**** EXERCISE INPUTS
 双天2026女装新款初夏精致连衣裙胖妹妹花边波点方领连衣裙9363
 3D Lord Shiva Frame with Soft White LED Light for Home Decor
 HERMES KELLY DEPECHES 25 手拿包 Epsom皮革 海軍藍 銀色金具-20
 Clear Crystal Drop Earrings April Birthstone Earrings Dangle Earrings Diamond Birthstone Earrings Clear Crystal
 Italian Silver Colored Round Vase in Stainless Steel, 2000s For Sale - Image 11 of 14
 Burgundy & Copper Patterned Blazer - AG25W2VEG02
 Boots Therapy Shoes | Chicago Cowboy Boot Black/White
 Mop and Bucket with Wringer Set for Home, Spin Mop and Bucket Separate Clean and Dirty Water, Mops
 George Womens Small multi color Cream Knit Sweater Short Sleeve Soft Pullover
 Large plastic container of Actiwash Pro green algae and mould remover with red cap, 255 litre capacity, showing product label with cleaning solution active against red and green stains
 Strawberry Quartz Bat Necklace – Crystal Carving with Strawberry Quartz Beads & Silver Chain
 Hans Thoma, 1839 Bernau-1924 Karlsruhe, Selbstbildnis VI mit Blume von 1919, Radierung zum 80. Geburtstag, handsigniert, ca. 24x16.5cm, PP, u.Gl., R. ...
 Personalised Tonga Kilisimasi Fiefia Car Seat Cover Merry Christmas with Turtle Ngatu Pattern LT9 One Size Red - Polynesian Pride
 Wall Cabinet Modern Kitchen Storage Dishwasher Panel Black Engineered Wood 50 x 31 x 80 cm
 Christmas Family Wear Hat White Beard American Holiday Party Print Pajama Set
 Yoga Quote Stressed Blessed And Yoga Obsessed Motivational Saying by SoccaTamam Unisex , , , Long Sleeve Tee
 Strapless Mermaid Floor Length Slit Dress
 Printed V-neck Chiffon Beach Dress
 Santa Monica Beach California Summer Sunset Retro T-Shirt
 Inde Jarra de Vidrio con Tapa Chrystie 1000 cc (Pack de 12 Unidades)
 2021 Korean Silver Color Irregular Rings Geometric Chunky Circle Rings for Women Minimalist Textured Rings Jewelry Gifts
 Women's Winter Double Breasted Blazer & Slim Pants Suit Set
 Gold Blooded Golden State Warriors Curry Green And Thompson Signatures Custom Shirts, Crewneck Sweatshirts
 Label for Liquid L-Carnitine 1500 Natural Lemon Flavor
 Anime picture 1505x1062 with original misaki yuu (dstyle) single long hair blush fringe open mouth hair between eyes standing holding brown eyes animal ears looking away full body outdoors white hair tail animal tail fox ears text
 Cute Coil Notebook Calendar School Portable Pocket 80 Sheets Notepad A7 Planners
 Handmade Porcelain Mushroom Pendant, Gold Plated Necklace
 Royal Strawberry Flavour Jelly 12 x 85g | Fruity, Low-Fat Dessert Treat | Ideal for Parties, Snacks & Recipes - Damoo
********
→ **PROBLEM REQUIREMENTS**
Within the listing above, extract exactly the lines from the line with "HERMES KELLY DEPECHES" to the line with "Gold Blooded Golden", the two named lines included, and no others.

→ **ANSWER FOR THIS EXERCISE**
 HERMES KELLY DEPECHES 25 手拿包 Epsom皮革 海軍藍 銀色金具-20
 Clear Crystal Drop Earrings April Birthstone Earrings Dangle Earrings Diamond Birthstone Earrings Clear Crystal
 Italian Silver Colored Round Vase in Stainless Steel, 2000s For Sale - Image 11 of 14
 Burgundy & Copper Patterned Blazer - AG25W2VEG02
 Boots Therapy Shoes | Chicago Cowboy Boot Black/White
 Mop and Bucket with Wringer Set for Home, Spin Mop and Bucket Separate Clean and Dirty Water, Mops
 George Womens Small multi color Cream Knit Sweater Short Sleeve Soft Pullover
 Large plastic container of Actiwash Pro green algae and mould remover with red cap, 255 litre capacity, showing product label with cleaning solution active against red and green stains
 Strawberry Quartz Bat Necklace – Crystal Carving with Strawberry Quartz Beads & Silver Chain
 Hans Thoma, 1839 Bernau-1924 Karlsruhe, Selbstbildnis VI mit Blume von 1919, Radierung zum 80. Geburtstag, handsigniert, ca. 24x16.5cm, PP, u.Gl., R. ...
 Personalised Tonga Kilisimasi Fiefia Car Seat Cover Merry Christmas with Turtle Ngatu Pattern LT9 One Size Red - Polynesian Pride
 Wall Cabinet Modern Kitchen Storage Dishwasher Panel Black Engineered Wood 50 x 31 x 80 cm
 Christmas Family Wear Hat White Beard American Holiday Party Print Pajama Set
 Yoga Quote Stressed Blessed And Yoga Obsessed Motivational Saying by SoccaTamam Unisex , , , Long Sleeve Tee
 Strapless Mermaid Floor Length Slit Dress
 Printed V-neck Chiffon Beach Dress
 Santa Monica Beach California Summer Sunset Retro T-Shirt
 Inde Jarra de Vidrio con Tapa Chrystie 1000 cc (Pack de 12 Unidades)
 2021 Korean Silver Color Irregular Rings Geometric Chunky Circle Rings for Women Minimalist Textured Rings Jewelry Gifts
 Women's Winter Double Breasted Blazer & Slim Pants Suit Set
 Gold Blooded Golden State Warriors Curry Green And Thompson Signatures Custom Shirts, Crewneck Sweatshirts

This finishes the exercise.